# Turning a section - on a wood lathe



## watch_art (Mar 15, 2012)

Made this video last night and spent a LOT of time getting it saved in three parts on the computer, and then forever getting it uploaded to youtube.  It's nearly 50 minutes - but it's the entire process of drilling, turning, threading and tapping, and polishing the section.

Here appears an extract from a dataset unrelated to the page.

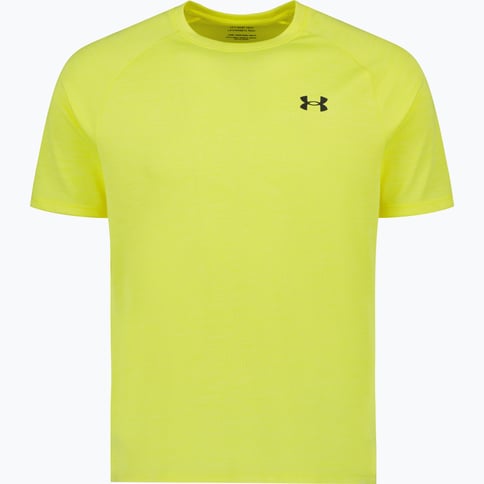 Under armour UA Tech Textured M träningst-shirt Blå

I am REALLY goofy, which you will all see in these videos.  :biggrin:

section making 1.wmv - YouTube

section making 2.wmv - YouTube

section making 3.wmv - YouTube


----------



## Stevej72 (Mar 15, 2012)

Hey Shawn,  good job, I will have to wait until tomorrow to watch 2 and 3.


----------



## watch_art (Mar 16, 2012)

Thanks!  Yeah... it is really long.  And sadly most of it is just me being kind of talkative.  ...and goofy.


----------



## MartinPens (Mar 16, 2012)

Shawn,

Didn't make it through all of the first one. It's a bit scattered. 
You might try saving your file as an MP4 or some other format other than WMV. Also, it would be helpful if you could get the camera up so we could see what you are actually working on.  A great effort and with some adjustments a nice addition to the video resources. Hope you don't mind the feedback.

Regards

Sent from my iPad using Forum Runner


----------



## watch_art (Mar 16, 2012)

Thanks!  I don't know anything about video formats and could use some help.  THe camera placement is really the best place I have to put it:  on a big box by my lathe.


----------



## yort81 (Mar 16, 2012)

Hi Shawn....I LOVE IT!!  Your personality shines through!  Alot of videos are pretty "stodgy"... but not these...!!! :~)  Keep up the good work...you inspire me!

Troy


----------



## Brian Davis (Mar 16, 2012)

Awsome I loved it you are funny.
I want to start making kitless pens not sure how.
But your vid help some.
Thanks
Brian


----------



## Dustygoose (Mar 16, 2012)

Scott you are a nut...lol    Thanks for the videos.  Now for the cap and body?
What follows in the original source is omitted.